Vindos de São Paulo, Guto e sua esposa, Fabiana Caricati, abriram o hotel em 2007, às margens do Rio Negro. O Anavilhanas Jungle Lodge possui 24 apartamentos em uma área de 520 hectares de floresta preservada, em frente ao Parque Nacional de Anavilhanas, um arquipélago de 400 ilhas reconhecido pela UNESCO como patrimônio natural da humanidade. Oferecendo guias nativos bilíngues para passeios como avistamento de botos e trilhas na floresta, serviços de hotelaria de luxo e uma gastronomia sofisticada com ingredientes regionais, o hotel foi elogiado já no primeiro ano em uma reportagem de turismo do jornal The New York Times. Entre seus hóspedes, estão personalidades como o fundador da Microsoft, Bill Gates, e a atriz americana Julianne Moore.
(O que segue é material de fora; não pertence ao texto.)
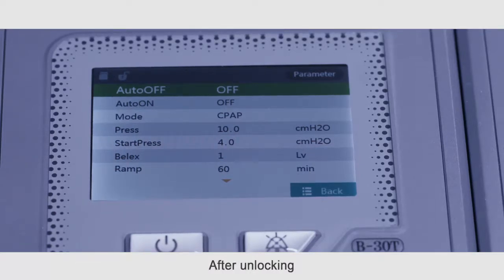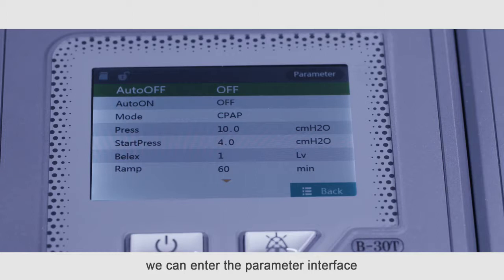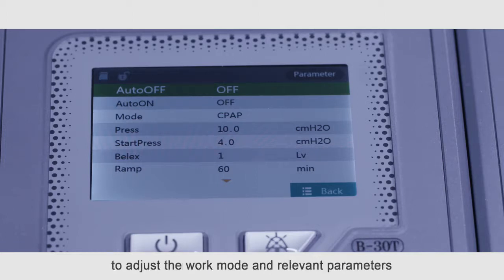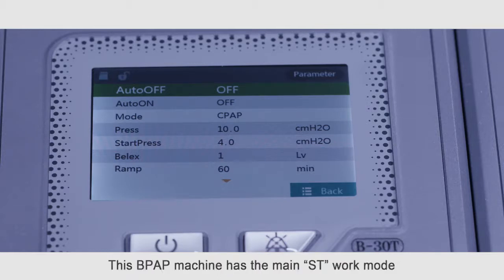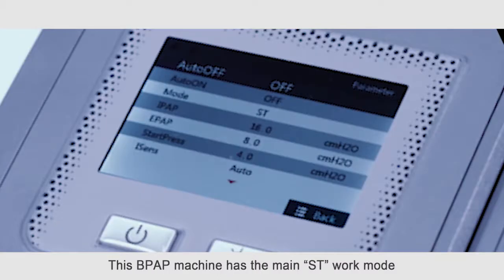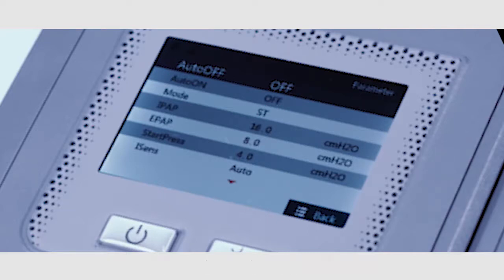After unlocking, we can enter the parameter interface to adjust the work mode and relevant parameters according to doctor's order. This BPAP machine has the main ST work mode.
Em 2023, o Anavilhanas Jungle Lodge obteve a certificação do Sistema B, que avalia práticas ambientais, sociais e de governança corporativa (ESG). Um dos fatores que contribuíram para essa conquista foi o fato de ser o maior empregador privado de Novo Airão, um município de 16 mil habitantes com apenas 227 trabalhadores formais, de acordo com o último levantamento do Ministério do Trabalho, em 2019. O hotel emprega 124 funcionários com carteira assinada, 85% deles locais, e oferece salários acima da média estadual. Uma camareira, por exemplo, recebe R$ 3.184, enquanto o piso da categoria no Amazonas é de R$ 1.377. Além disso, oferece benefícios como 14º salário e empréstimos sem juros para funcionários.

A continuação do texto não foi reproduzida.